D’après l’Autorité des marchés financiers, la BNZ s’est engagée à maintenir des politiques, processus, systèmes et contrôles efficaces conçus pour empêcher que des problèmes similaires ne se reproduisent à l’avenir. La banque a mis à jour ses conditions générales, a cessé de proposer les comptes concernés et a transféré les clients vers des produits de remplacement. Gatland a reconnu la coopération de la BNZ tout au long de l’enquête, y compris son auto-signalement du problème et ses efforts pour indemniser les clients concernés. L’affaire survient alors que le régime de conduite des institutions financières (CoFI) de Nouvelle-Zélande continue de redéfinir les attentes à l’égard des banques, des assureurs et d’autres fournisseurs financiers, en mettant davantage l’accent sur les résultats pour les clients, le traitement équitable, la gouvernance et les contrôles internes.

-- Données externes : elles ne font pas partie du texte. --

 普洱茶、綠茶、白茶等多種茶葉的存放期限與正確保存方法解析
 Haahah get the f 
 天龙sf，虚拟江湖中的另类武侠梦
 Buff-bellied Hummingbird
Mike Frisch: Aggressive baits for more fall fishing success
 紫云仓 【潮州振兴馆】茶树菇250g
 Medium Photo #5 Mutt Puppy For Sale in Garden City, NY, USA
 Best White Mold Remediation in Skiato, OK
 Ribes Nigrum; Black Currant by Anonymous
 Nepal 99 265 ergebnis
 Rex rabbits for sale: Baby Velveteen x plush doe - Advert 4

L’impact financier de l’affaire montre comment des problèmes opérationnels peuvent s’accumuler sur de longues périodes. Ce qui peut d’abord sembler constituer une différence relativement faible dans le calcul des intérêts a finalement entraîné plus de 5 millions de dollars de remédiation pour les clients et un paiement supplémentaire de 2,6 millions de dollars à la Couronne. Au total, le coût dépasse 8 millions de dollars. Cette affaire rappelle que les communications aux clients, la conception des produits et la mise en œuvre opérationnelle doivent rester alignées, en particulier alors que les régulateurs continuent d’augmenter la surveillance de la conduite et des résultats pour les clients.
Qu’a reconnu la BNZ au sujet des calculs des intérêts des clients ?
La BNZ a admis avoir formulé des représentations trompeuses dans ses conditions générales et ses communications aux clients, indiquant que les intérêts seraient calculés quotidiennement alors que la banque utilisait en réalité la méthode du solde mensuel le plus bas entre décembre 2014 et février 2024.
Combien de clients ont été touchés par le problème de calcul des intérêts de la BNZ ?
La BNZ a identifié que 23 103 clients avaient été touchés par l’écart, avec environ 5,39 millions de dollars d’intérêts versés en moins sur la période.
Quelles actions la BNZ a-t-elle prises après avoir découvert l’erreur de calcul des intérêts ?
La BNZ a auto-signalé le problème à l’Autorité des marchés financiers, a mis en place un programme de remédiation qui a restitué environ 5,44 millions de dollars aux clients, y compris des intérêts liés à l’utilisation des fonds, a mis à jour ses conditions générales, a cessé de proposer les comptes concernés et a transféré les clients vers des produits de remplacement.